Elevated chip temperatures are true limiters to the scalability of computing systems. Excessive runtime thermal variations compromise the performance and reliability of integrated circuits. To address these thermal issues, state-of-the-art chips have integrated thermal sensors that monitor temperatures at a few selected die locations. These temperature measurements are then used by thermal management techniques to appropriately manage chip performance. Thermal sensors and their support circuitry incur design overheads, die area, and manufacturing costs. In this paper, we propose a new direction for full thermal characterization of integrated circuits based on spectral Fourier analysis techniques. Application of these techniques to temperature sensing is based on the observation that die temperature is simply a space-varying signal, and that space-varying signals are treated identically to time-varying signals in signal analysis.

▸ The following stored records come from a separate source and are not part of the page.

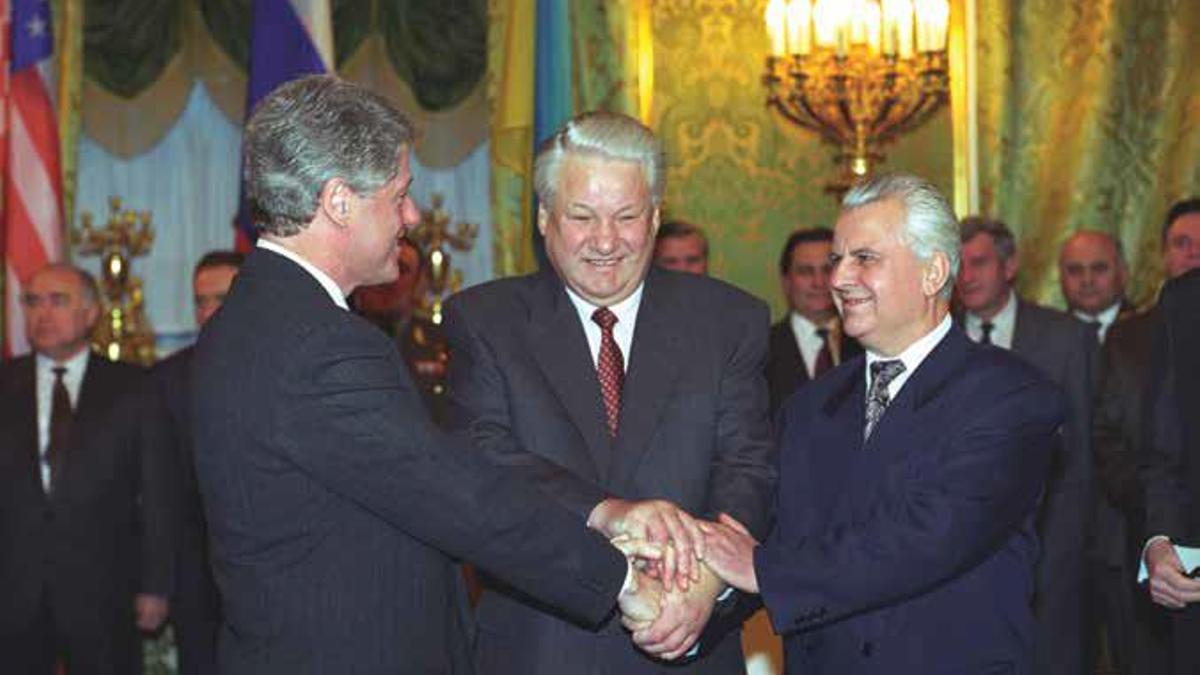 Desde la izquierda: el presidente de EEUU, Bill Clinton, el presidente ruso, Boris Yeltsin, y el presidente ucraniano, Leonid Kravchuk, durante la firma del Memorándum de Budapest en 1994.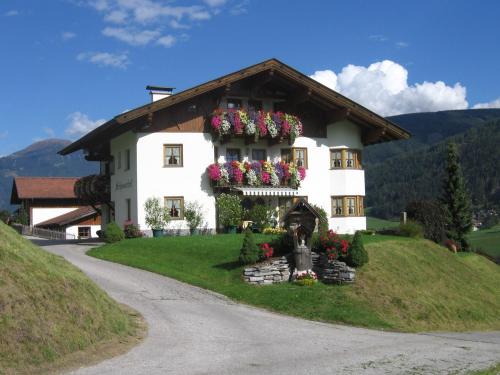 Telfes im Stubai Apartamento | Schlosserhof
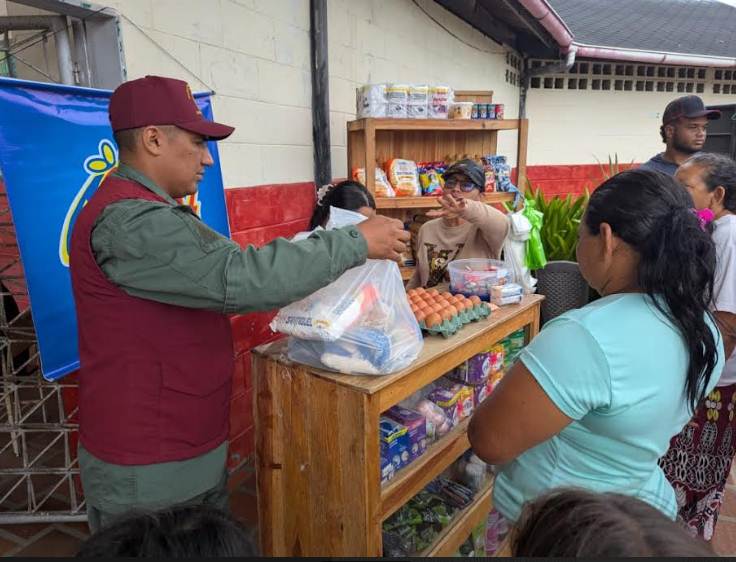 Jornada de atención social en la Comuna El Libertador, municipio Colón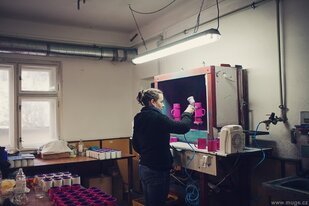 Foto z naší zakázkové výroby hrnků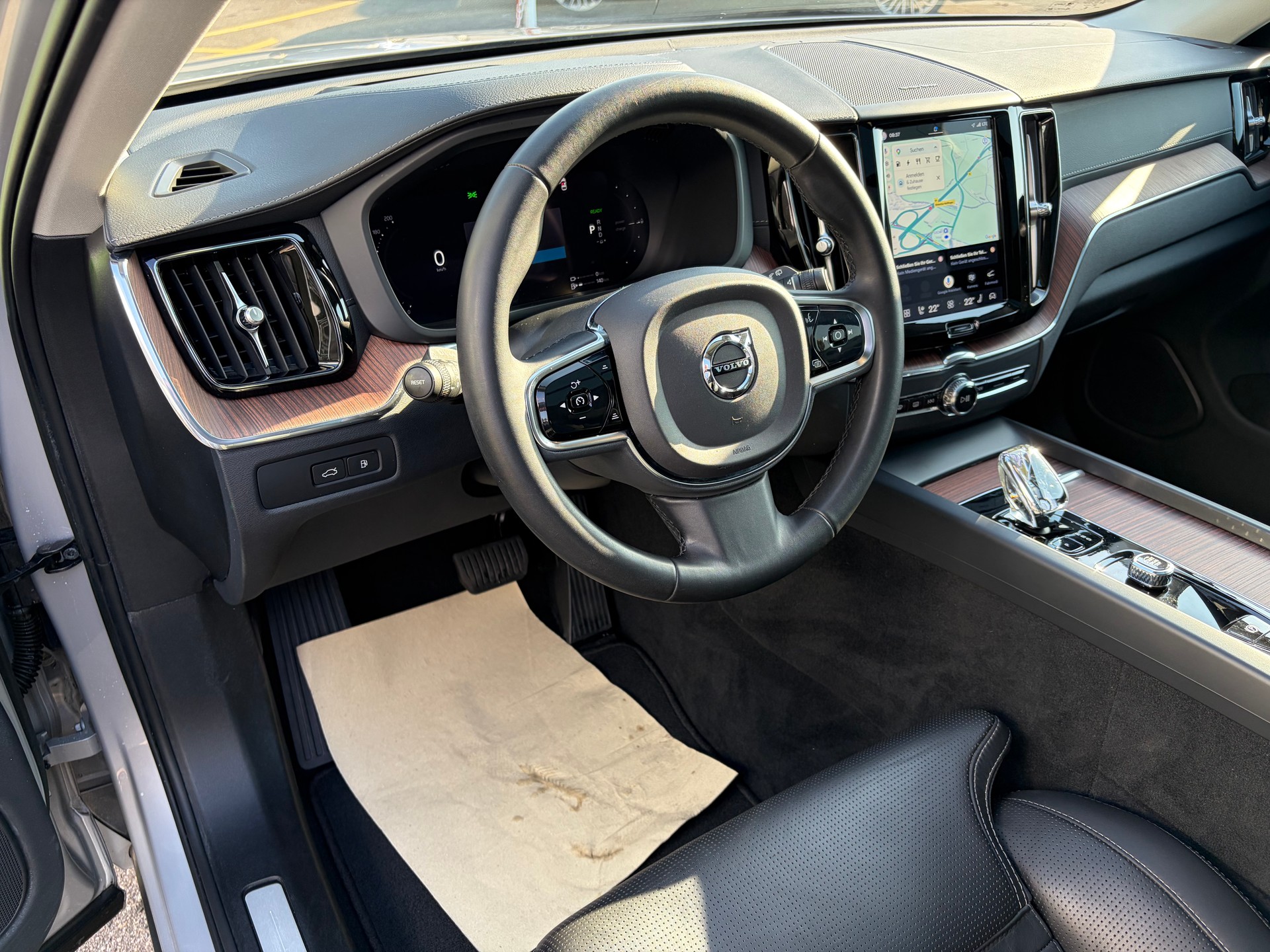 VOLVO XC60 T6 eAWD PluginHybrid Ultimate Dark Geartronic-image-13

We utilize Nyquist-Shannon sampling theory to devise methods that can almost fully reconstruct the thermal status of an integrated circuit during runtime using a minimal number of thermal sensors. We propose methods that can handle uniform and non-uniform thermal sensor placements. We develop an extensive experimental setup and demonstrate the effectiveness of our methods by thermally characterizing a 16-core processor. Our method produces full thermal characterization with an average absolute error of 0.6% using a limited number of sensors.